Bo nie da się ukryć, że boją się - dużo bardziej niż my, kobiety. Skąd wynika ich lęk przed "zaobrączkowaniem" się? Wyjście za mąż to wciąż jeden z kobiecych priorytetów. Mimo, że średnia wieku, w którym zawieramy małżeństwa, wyraźnie przesunęła się w górę, a stan samotności i niezależności jest na topie, tak naprawdę większość kobiet prędzej czy później marzy o uwiciu przytulnego gniazdka z ukochanym mężczyzną u boku. Tymczasem oni... nawet o tym nie myślą! Dlaczego mężczyźni nie chcą się żenić? Czego się obawiają?
Co dla mężczyzny oznacza ślub?
Ślub jest dla nas, kobiet przypieczętowaniem miłości, rozpoczęciem nowego etapu w życiu, założeniem rodziny. Dla mężczyzn z kolei jest często jedynie... zbędnym papierkiem i dokumentem.

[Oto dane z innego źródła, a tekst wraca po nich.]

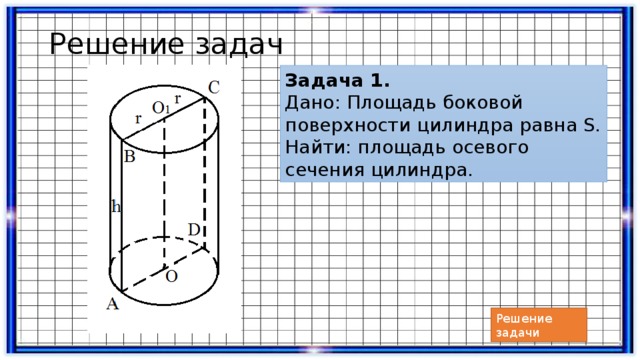 Площадь осевого сечения цилиндра равна s найдите площадь боковой поверхности цилиндра с рисунком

Nie oznacza to oczywiście, że mężczyzna nie pragnie życia z kobietą na stałe i zakładania rodziny - po prostu obawia się samego faktu ślubu, jako czegoś, co może zakłócić dotychczasowy porządek. Mężczyźni często powtarzają, że ślub to jedynie formalność, która w istocie nic nie zmienia między dwojgiem partnerów. Dlaczego więc tak bardzo się go obawiają? Przede wszystkim dlatego, że pobranie się pociąga za sobą szereg zmian i konsekwencji. Ponadto przysięga małżeńska oznacza obiecanie komuś bycia z nim do końca życia... Mało który mężczyzna potrafi z pełną odpowiedzialnością udźwignąć tak duży szereg obowiązków i obietnic. Niestety my, kobiety, tak naprawdę nie ułatwiamy mężczyznom przejścia na ten poziom w związku. Kiedy jesteśmy już z facetem bardzo długo, zaczynamy traktować go często jak... kumpla. Golimy przy nich nogi, coraz częściej „boli nas głowa", jesteśmy ospałe. Dla nas oznacza to swobodę i jest podkreśleniem tego, jak dobrze czujemy się przy facecie. Niestety, niekoniecznie musi to oznaczać to samo dla mężczyzn. Kilka takich rewelacji ze strony kobiety i oto mężczyźni mają przed oczami swoją przyszłość: nuda, rutyna, zero spontaniczności, szaleństw, szarość dnia codziennego. Ślub kojarzy im się właśnie z tym - i dlatego na dźwięk takich słów jak „zaręczyny", „małżeństwo", „obrączka", „żona" czy „mąż" najchętniej uciekliby, gdzie pieprz rośnie.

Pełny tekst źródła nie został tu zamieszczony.